═══ GIVEN DATA
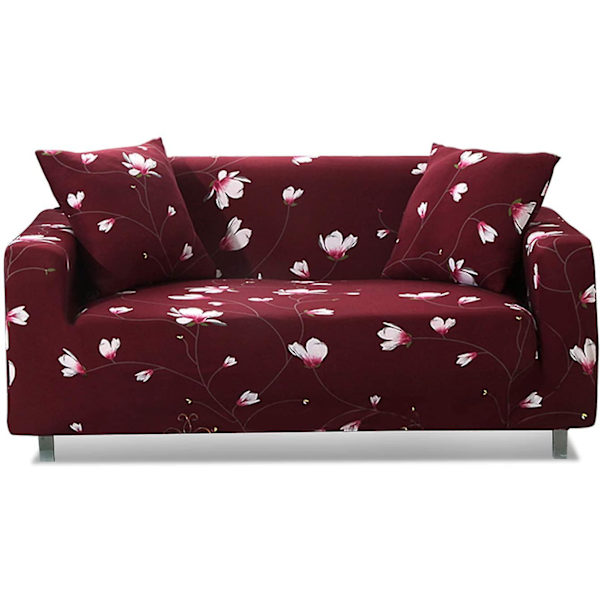 Elastisk sofaovertrekk Justerbart 3-seters sofabeskytter Stuedekorasjon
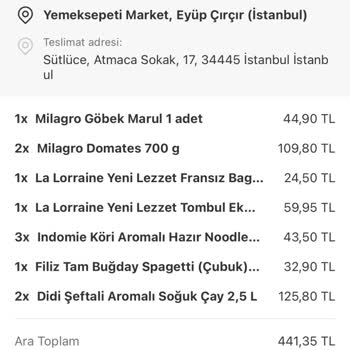 Sürekli Geciken Ve İptal Edilen Siparişler Nedeniyle Mağduriyet Yaşıyorum
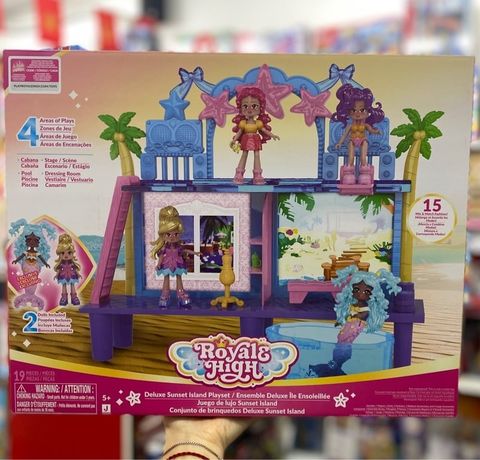  Đồ chơi RYH0151 Royale High Deluxe Sunset Island 3-Inch Playset 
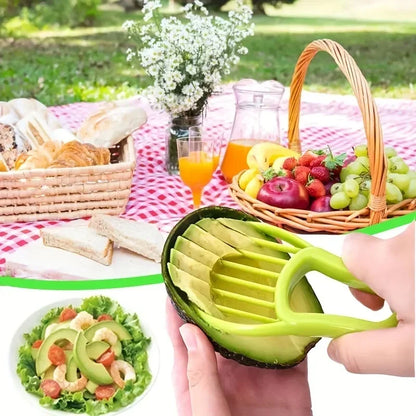 3-in-1 Avocado Slicer | Cut, Pit & Slice Effortlessly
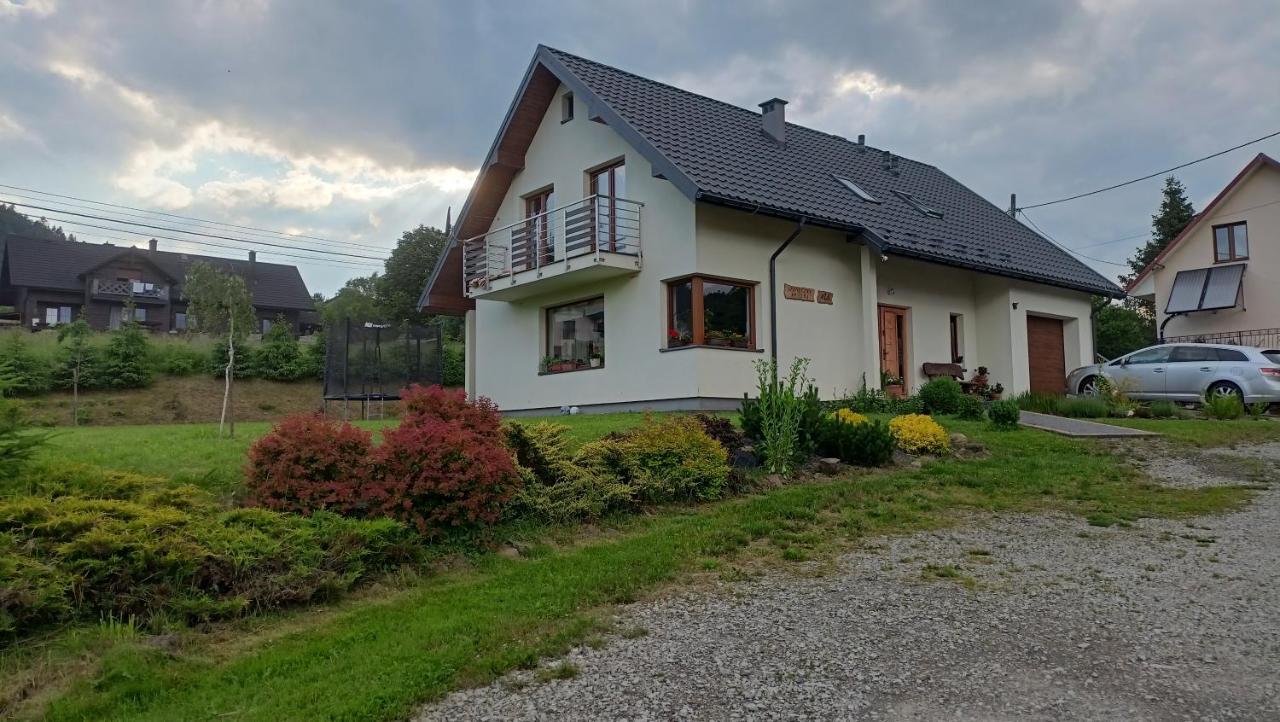 Sloneczna Kwatera Cisna Esterno foto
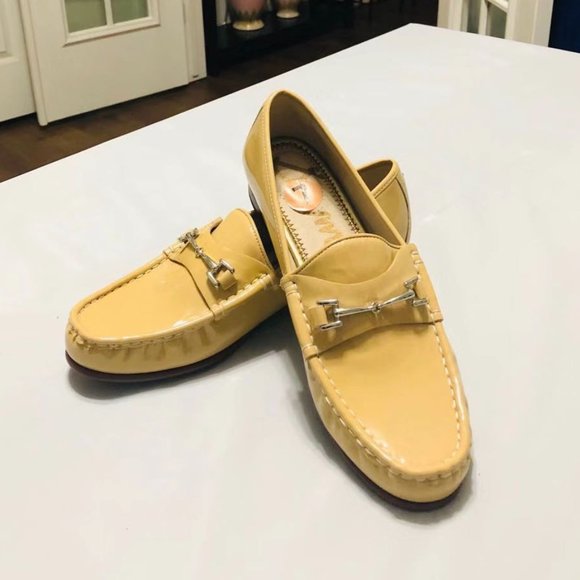 NEW  San Edelman patent leather cowhide shoes, 7 - Picture 1 of 8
══════
## INSTRUCTIONS TO FOLLOW
In the data, the line that contains "3-in-1 Avocado Slicer" begins the part to write out; restate it and each line after it word for word through the end, with no pictures.

## EXPECTED ANSWER
 3-in-1 Avocado Slicer | Cut, Pit & Slice Effortlessly
 Sloneczna Kwatera Cisna Esterno foto
 NEW  San Edelman patent leather cowhide shoes, 7 - Picture 1 of 8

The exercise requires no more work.